Currently, I'm implementing the unique username/company ID rule in the RoseDB manager wrapper code, but it feels wrong. I'd like to define the unique rule at the DB level if I can, but I'm not sure excactly how to approach it. I tried something like this:
alter table user add unique(used_id,person.company_id);
but that doesn't work.
By reading through the documentation, I can't find an example that does anything even remotely similar. Am I trying to add functionality that doesn't exist, or am I missing something here?
Well, there's nothing simple that does what you want. You can probably enforce the constraint you need using BEFORE INSERT and BEFORE UPDATE triggers, though. See this SO question about raising MySQL errors for how to handle making the triggers fail.
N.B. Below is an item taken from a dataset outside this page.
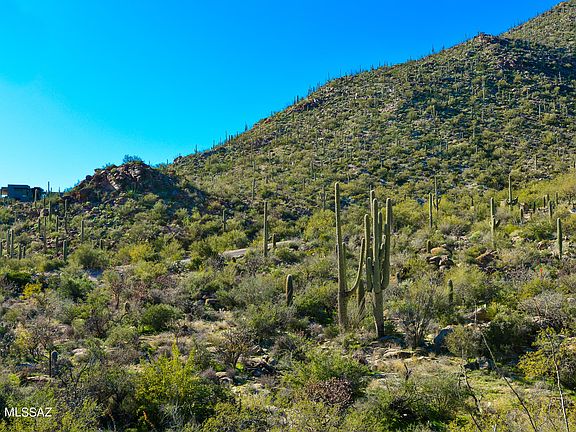 4th image of 14739 N Soaring Dove Pl Lot 65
Are there more attributes to your PERSON table? Reason I ask is that what you want to implement is a typical corollary table:
USERS table:
user_id (pk)
USER_COMPANY_XREF (nee PERSON) table:
user_id (pk, fk)
company_id (pk, fk)
EFFECTIVE_DATE (not null)
EXPIRY_DATE (not null)
COMPANIES table:
company_id (pk)
The primary key of the USER_COMPANY_XREF table being a composite key of USERS.user_id and COMPANIES.company_id would allow you to associate a user with more than one company while not duplicating data in the USERS table, and provide referencial integrity.
You could define the UNIQUE constraint in the Person table:
CREATE TABLE Company (
company_id SERIAL PRIMARY KEY
) ENGINE=InnoDB;
CREATE TABLE Person (
person_id SERIAL PRIMARY KEY,
company_id BIGINT UNSIGNED,
UNIQUE KEY (person_id, company_id),
FOREIGN KEY (company_id) REFERENCES Company (company_id)
) ENGINE=InnoDB;
CREATE TABLE User (
person_id BIGINT UNSIGNED PRIMARY KEY,
FOREIGN KEY (person_id) REFERENCES Person (person_id)
) ENGINE=InnoDB;
But actually you don't need the unique constraint even in the Person table, because person_id is already unique on its own. There's no way a given person_id could reference two companies.
So I'm not sure what problem you're trying to solve.
Re your comment:
That doesn't solve the issue of allowing the same username to exist in different companies.
So you want a given username to be unique within one company, but usable in different companies? That was not clear to me from your original question.
So if you don't have many other attributes specific to users, I'd combine User with Person and add an "is_user" column. Or just rely on it being implicitly true that a Person with a non-null cryptpass is by definition a User.
Then your problem with cross-table UNIQUE constraints goes away.